Figure 3. — (A and B) FACS analysis showing Etd uptake in CD4⁺ T lymphocytes after 5 min (A) or 72 h (B) of HIV exposure. (A and B, left) Side-scatter (SSC) versus forward-scatter (FSC) of the cells to demonstrate the purity and selection of the CD4⁺ population of lymphocytes; (right) CD4 staining versus Etd uptake for each condition. Unstained Etd conditions (Negative Control) showed no staining for Etd, whereas untreated cells (Control) showed minimal Etd uptake compared with HIV_ADA-treated cultures (HIV_ADA) for 5 min (A) or 72 h (B). Cells transfected with siRNA for Panx1 abolished the Etd-uptake increase induced by the virus at both time-points (A and B; siRNA^Panx1+HIV_ADA). (C and D) Representative histograms of FACS staining using unstained cells (Negative Control, red lines), control conditions with Etd (blue lines), after exposure to HIV_ADA (orange lines), after siRNA^scr + HIV_ADA (light green lines), or after siRNA^Panx1 + HIV_ADA (dark green lines). MFI, Mean fluorescence intensity. (E) Quantification of data from five independent experiments using FACS analysis showed that blocking of Panx1 hemichannels with Prob, ¹⁰Panx1, or siRNA^Panx1 reduced Etd uptake induced by HIV_ADA in CD4⁺ T lymphocytes. Each value corresponds to the mean ± sd of the Etd intracellular intensity, present in at least 20 cells/time-point (n=4 independent CD4⁺ T lymphocyte isolations; *P<0.005).
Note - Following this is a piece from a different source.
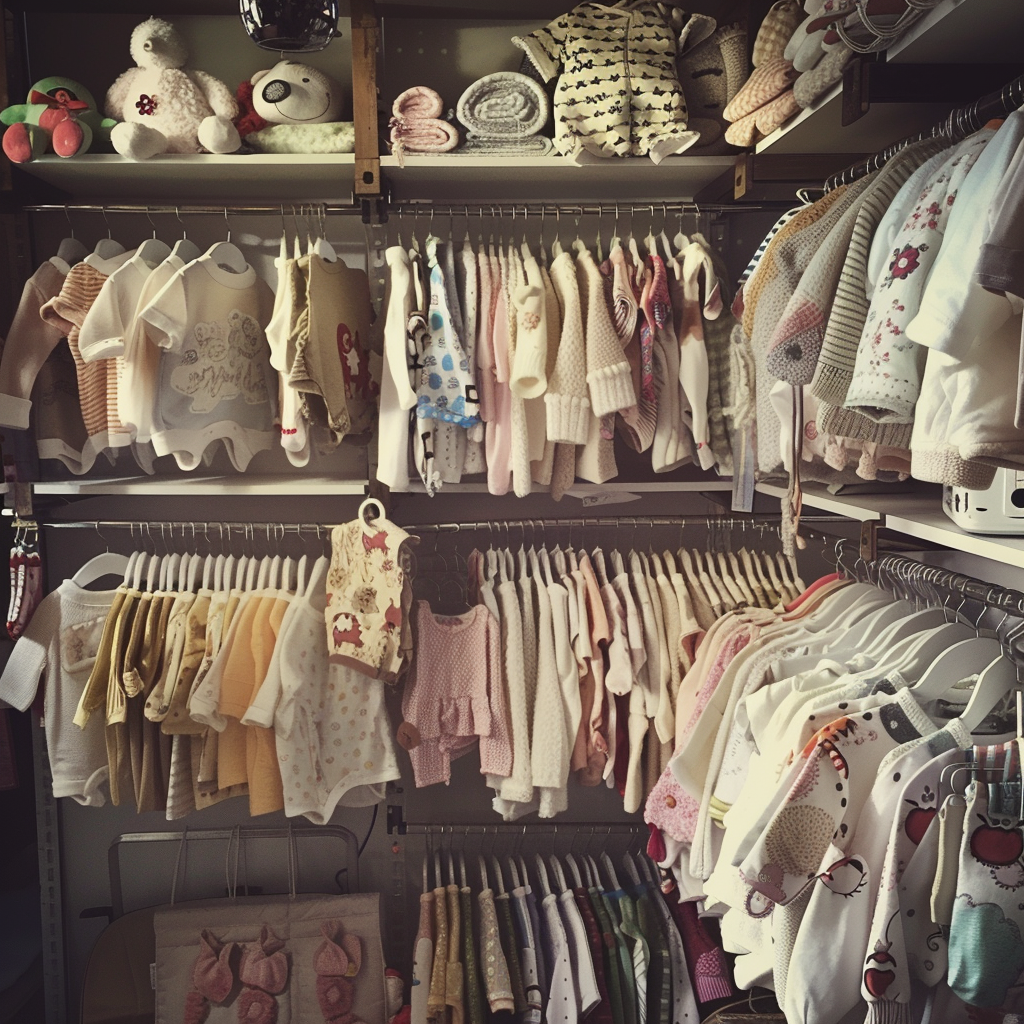 Baby clothes on hangers | Source: No source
Binding of HIV to its cellular receptors—CD4 and CCR5 or CXCR4—results in opening of Panx1 hemichannels in CD4⁺ T lymphocytes

HIV entry into immune cells is dependent on viral tropism mediated by interaction of the viral envelope with CD4 and CCR5 and/or CXCR4. To evaluate whether binding of the virus to its receptors was required for opening of Panx1 hemichannels, Etd uptake experiments were performed in human CD4⁺ T lymphocytes exposed to HIV_ADA (CCR5-dependent), HIV_Bal (CCR5-dependent), or HIV_LAI (CXCR4-dependent) in the presence or absence of CD4 or CCR5 receptor blockers. Trimeris/T-20 (Roche, Basel, Switzerland; obtained from the AIDS NIH Repository; 1 μg/ml), a blocker of viral fusion mediated by CD4 receptors in CD4⁺ T lymphocytes, inhibited the Etd uptake induced by all three viruses tested at 5 min and 72 h postinfection (Fig. 4A and B). TAK-779 (100 ng/ml; [29]), a potent inhibitor of the binding of HIV to its coreceptor CCR5 [30], or AMD3100 [31], a potent inhibitor of the binding of HIV to its coreceptor CXCR4 (300 ng/ml; [29]), reduced the Etd uptake, according to the viral isolate used (Fig. 4A and B). In addition, experiments using a pseudotyped virus with env protein from R5 JRFL only recapitulated the early events of the Panx1 hemichannel opening and not the latter events (Supplemental Fig. 1C). These results demonstrate that the HIV-induced Panx1 hemichannel activity requires binding of the virus to CD4, as well as to its corresponding chemokine receptor.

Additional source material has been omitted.